Sleep and memory: The impact of sleep deprivation on transcription, translational control, and protein synthesis in the brain

Abstract

In countries around the world, sleep deprivation represents a widespread problem affecting school-age children, teenagers, and adults. Acute sleep deprivation and more chronic sleep restriction adversely affect individual health, impairing memory and cognitive performance as well as increasing the risk and progression of numerous diseases. In mammals, the hippocampus and hippocampus-dependent memory are vulnerable to the effects of acute sleep deprivation. Sleep deprivation induces changes in molecular signaling, gene expression and may cause changes in dendritic structure in neurons. Genome wide studies have shown that acute sleep deprivation alters gene transcription, although the pool of genes affected varies between brain regions. More recently, advances in research have drawn attention to differences in gene regulation between the level of the transcriptome compared with the pool of mRNA associated with ribosomes for protein translation following sleep deprivation. Thus, in addition to transcriptional changes, sleep deprivation also affects downstream processes to alter protein translation. In this review, we focus on the multiple levels through which acute sleep deprivation impacts gene regulation, highlighting potential post-transcriptional and translational processes that may be affected by sleep deprivation. Understanding the multiple levels of gene regulation impacted by sleep deprivation is essential for future development of therapeutics that may mitigate the effects of sleep loss.

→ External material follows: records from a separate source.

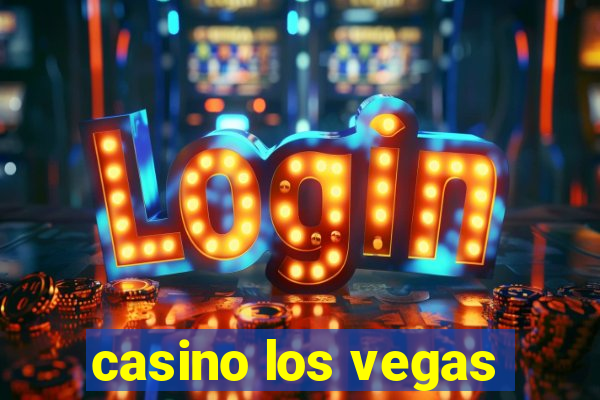 casino los vegas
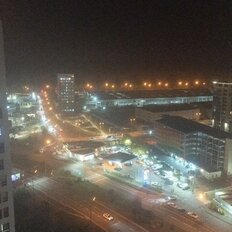 Квартира 62 м², 2-комнатная - изображение 3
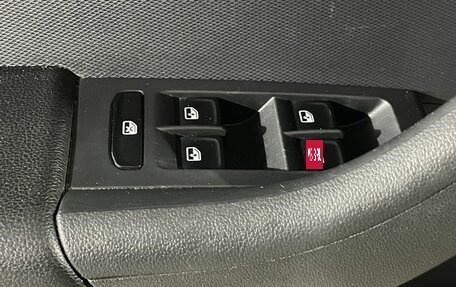 Skoda Rapid II, 2020 год, 1 600 000 рублей, 18 фотография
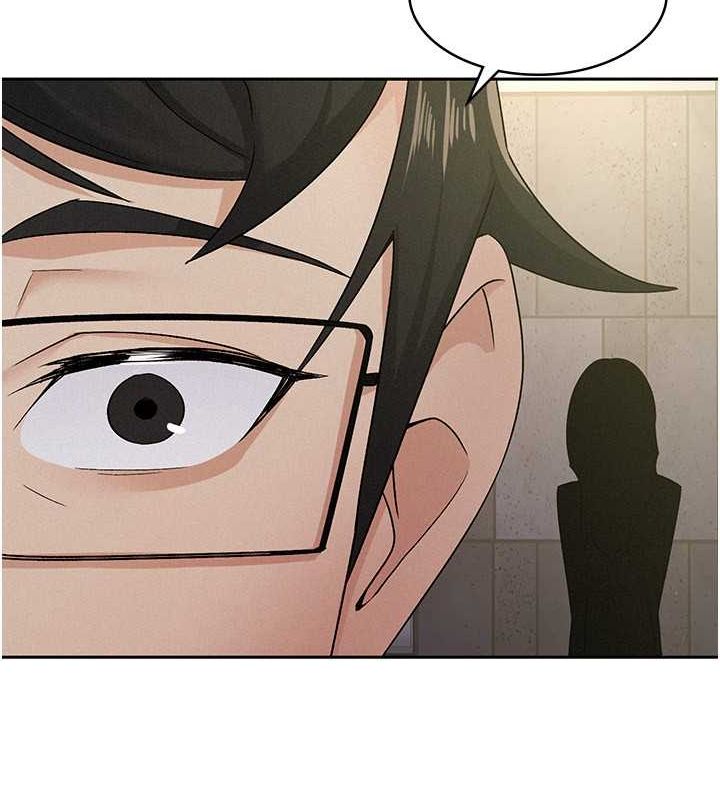 98.jpg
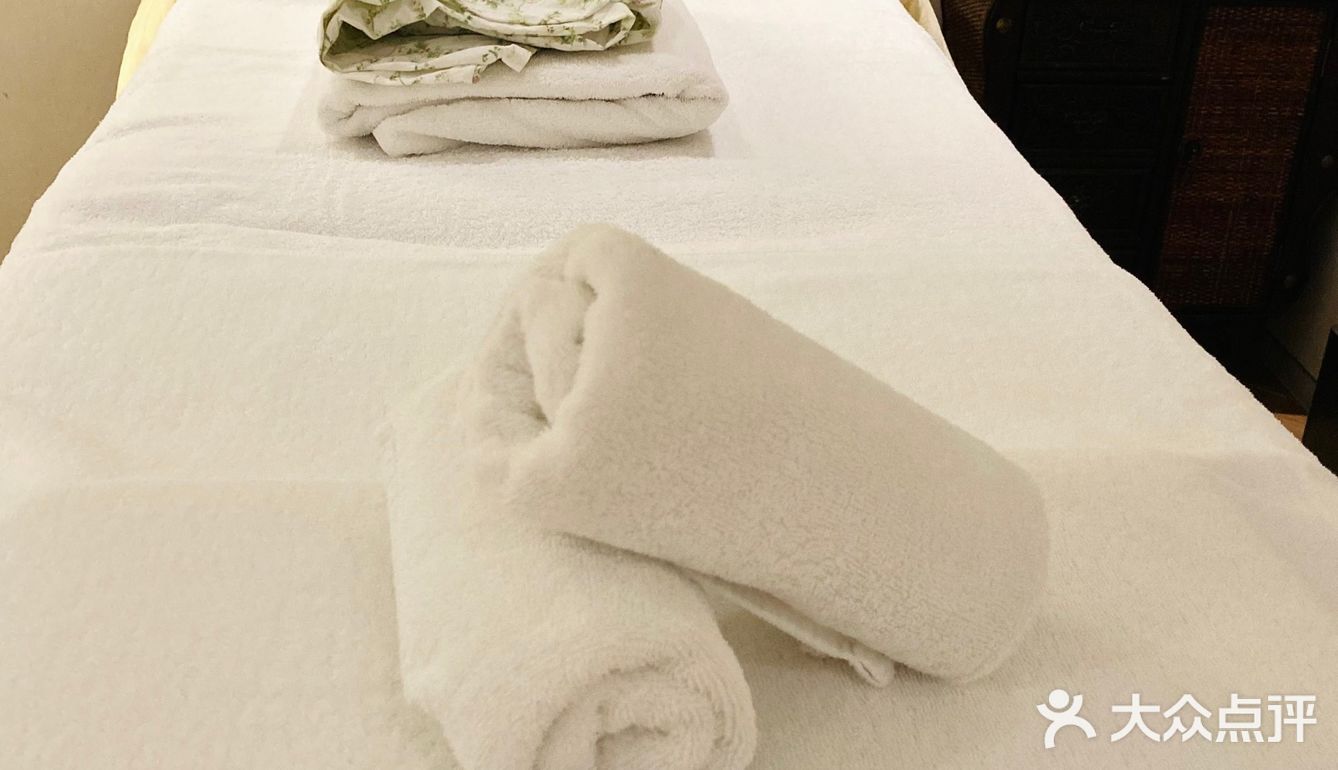 女神节更要宠爱自己！我选择欧丽芙美肤～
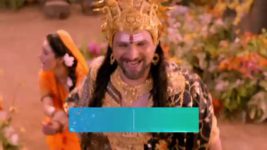 Radha krishna (Bengali) S01E244 Kans Acquires a Deadly Weapon Full Episode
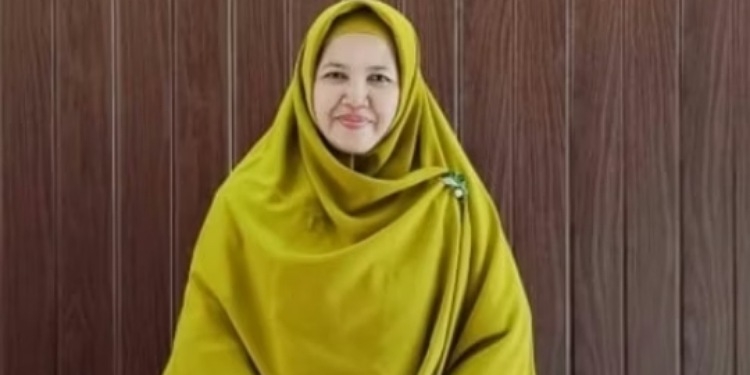 Tampar Siswa Merokok Untuk Pendidikan Disiplin, Kepala Sekolah SMAN 1 Cimarga Malah Dinonaktifkan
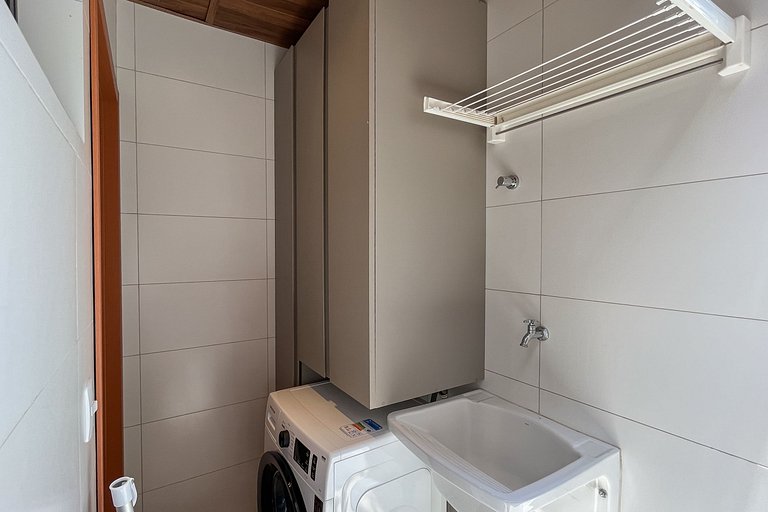 Toque dos Milagres Villa Sapê 14 Nobile Stays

Keywords: gene expression; hippocampus; memory; ribosome; sleep deprivation; translation.

Figure 1.. Overview of the impacts of sleep deprivation on hippocampus dependent memory and examples of molecular pathways that are affected.

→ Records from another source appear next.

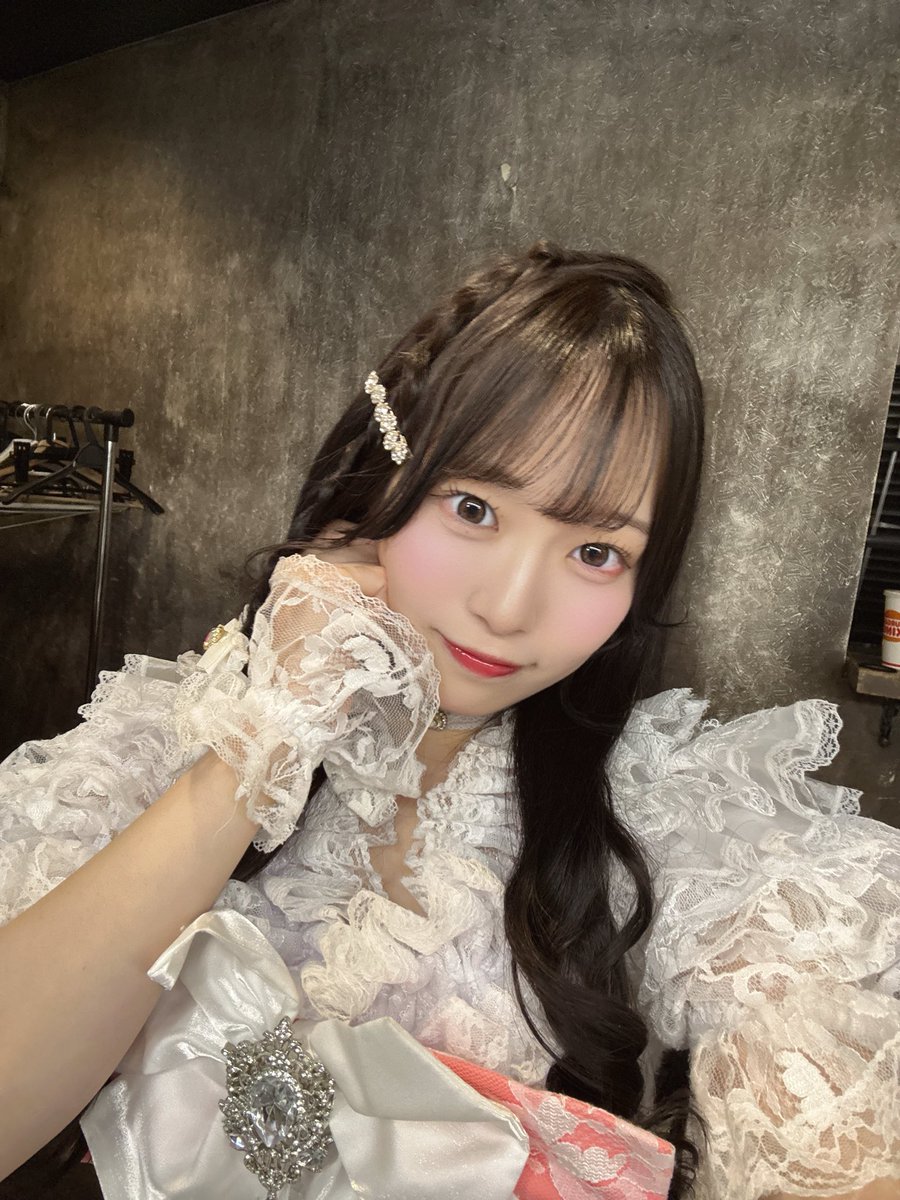 kkk (@haruharu8589) / Posts / X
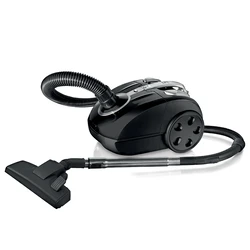 Ηλεκτρική Σκούπα Life Eco Dustfighter, 700W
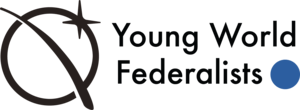 Young World Federalists Logo PNG Vector
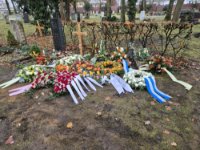 ein Bild aus dem Album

Figure 2.. Post-transcriptional processes impacted by sleep deprivation.

Sleep deprivation affects mRNA splicing, polyadenylation, and miRNA mediated degradation. Sleep deprivation also decreases mTOR signaling resulting in 4EBP mediated inhibition of translation.

Figure 3.. Prediction analysis of miRNAs associated with downregulation of gene expression after sleep deprivation.

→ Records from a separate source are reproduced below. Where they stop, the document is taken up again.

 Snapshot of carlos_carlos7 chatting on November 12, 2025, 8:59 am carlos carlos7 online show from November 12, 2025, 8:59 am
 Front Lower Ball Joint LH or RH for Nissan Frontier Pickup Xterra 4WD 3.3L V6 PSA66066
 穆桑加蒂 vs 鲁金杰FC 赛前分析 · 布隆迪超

Analysis of genes down regulated in the translatome, but not the transcriptome, revealed predicted 3’ UTR binding sites for two miRNAs, miR-7045–3p and miR-6971–5p.

Figure 4.. Comparative analysis of the translatome in hippocampal excitatory neurons after sleep deprivation and long-term potentiation.

a) Comparison of differentially expressed genes after 3 hours of sleep deprivation and 5 hours of sleep deprivation. b) Comparison of differentially expressed genes in the translatome after 5 hours of sleep deprivation with changes observed after LTP in the hippocampus. Genes highlighted in yellow have opposite directions of regulation between sleep deprivation and LTP.